Any power conversion generates an amount of heat. By reconfiguring how energy is delivered to the LEDs, operators can achieve energy savings in excess of 10% over conventional setups, which locate power conversion in the growing area and deploy fans or air conditioning to regulate the grow area temperature, thus incurring additional capital and operating costs.
In a centralized approach, the power conversion from AC to DC is located outside the growing area. Excess heat can be vented to the outside world in the summer or channelled into the growing area in the winter. Furthermore, distributing DC to the LED fixtures delivers a grid- and budget-friendly solution with high PF and low THD. When high voltage is used, wires can be thinner, reducing costs and weight on the structure.
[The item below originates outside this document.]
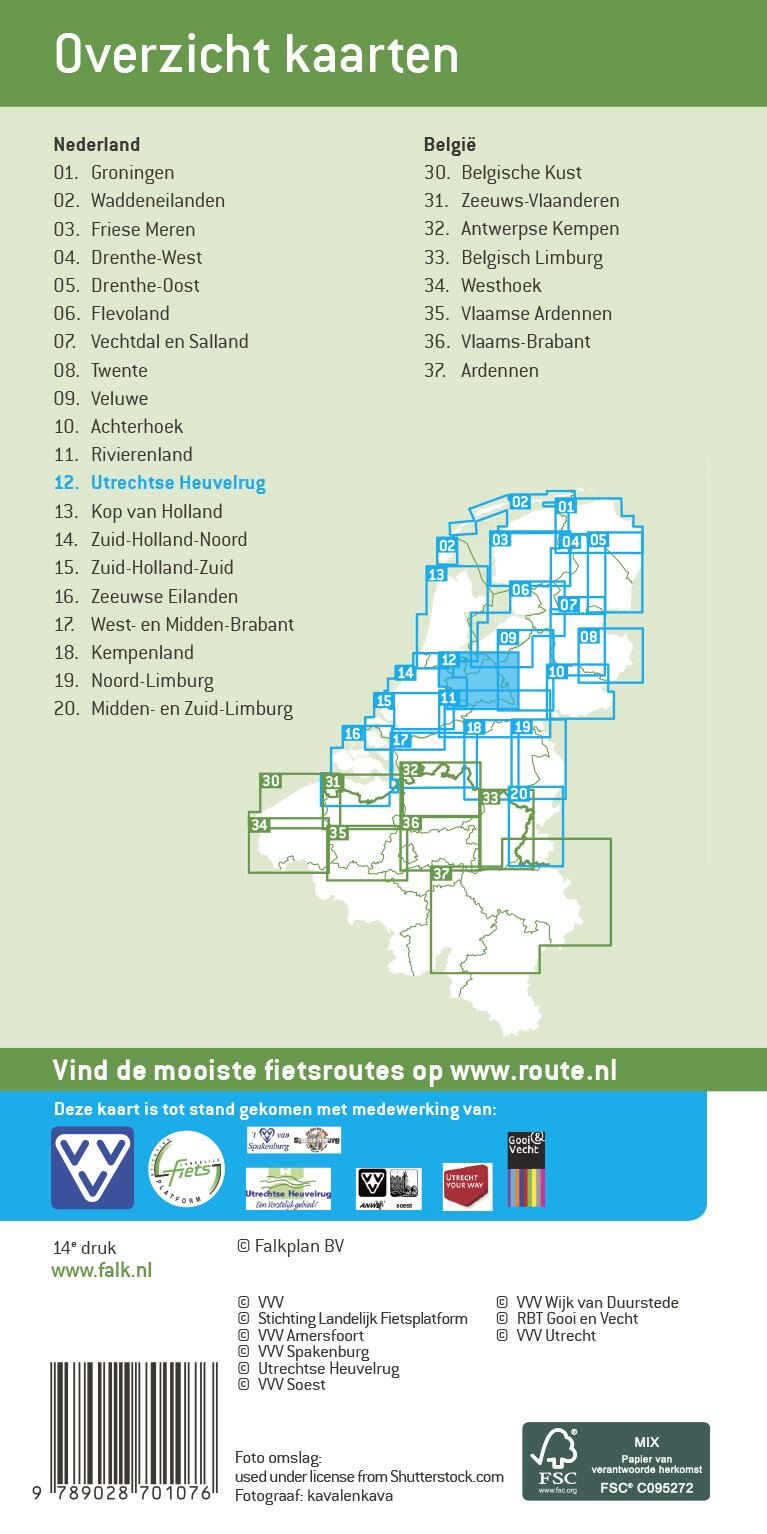 Falk VVV fietskaart 12 Utrechtse Heuvelrug achterkant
And when currents are lower, wiring losses are significantly reduced.
A configurable front-end power solution can deliver up to 24 kW of DC power in a three-unit rack. In this type of modular supply, the outputs are configured using plug-in modules that are flexible and can be rapidly reconfigured should the needs of the application change. Generally, control of the power solution can be digital or analog, and configuration and monitoring is done through a supplied software graphical user interface (GUI). Some vendors offer additional scheduling and control software specifically tailored for horticultural applications.
Another valid approach is to use a rack-mount power solution and mounting shelf to provide bulk power for the LED lighting. Such systems have been designed specifically for horticulture applications in compliance with the DLC technical requirements for horticultural lighting (Version 2.1) as they apply to remote power sources.
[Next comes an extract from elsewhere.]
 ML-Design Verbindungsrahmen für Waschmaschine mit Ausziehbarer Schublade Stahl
Ideally, the solution chosen would allow all standard AC inputs (208 VAC to 600 VAC) from single or three-phase sources and provide flicker-free current at an output voltage between 100 VDC and 300 VDC. For large systems, generally greater than 25 kW, stacking multiple unit shelves in a relatively small cabinet — say, 3 ft tall — would provide 120 kW, a typical power requirement for a grow area.
One benefit of using 19-in. rack-mount power is the simplicity of maintenance. Replacing a ceiling luminaire in a conventional setup requires technicians to enter the growing area with ladders and tools, working around and over planting areas. However, in the unlikely event of an issue with a rack-mount power solution, workers can pull the unit out, often without needing tools, and push in a new one. In many cases, they wouldn’t need to cut off power to the entire facility to perform this swap. Indeed, it is very similar to opening and closing a drawer.
LED technology has opened a world of opportunities in horticultural lighting. In times of rising energy costs, the efficiency of LED technology dramatically reduces operating costs and allows greater flexibility with lamp placement.
A centralized and remote power solution can further enhance operating efficiency and eliminate the need for additional cooling within the growing area. These benefits can add up to reduce costs and create a simple and more reliable CEA system.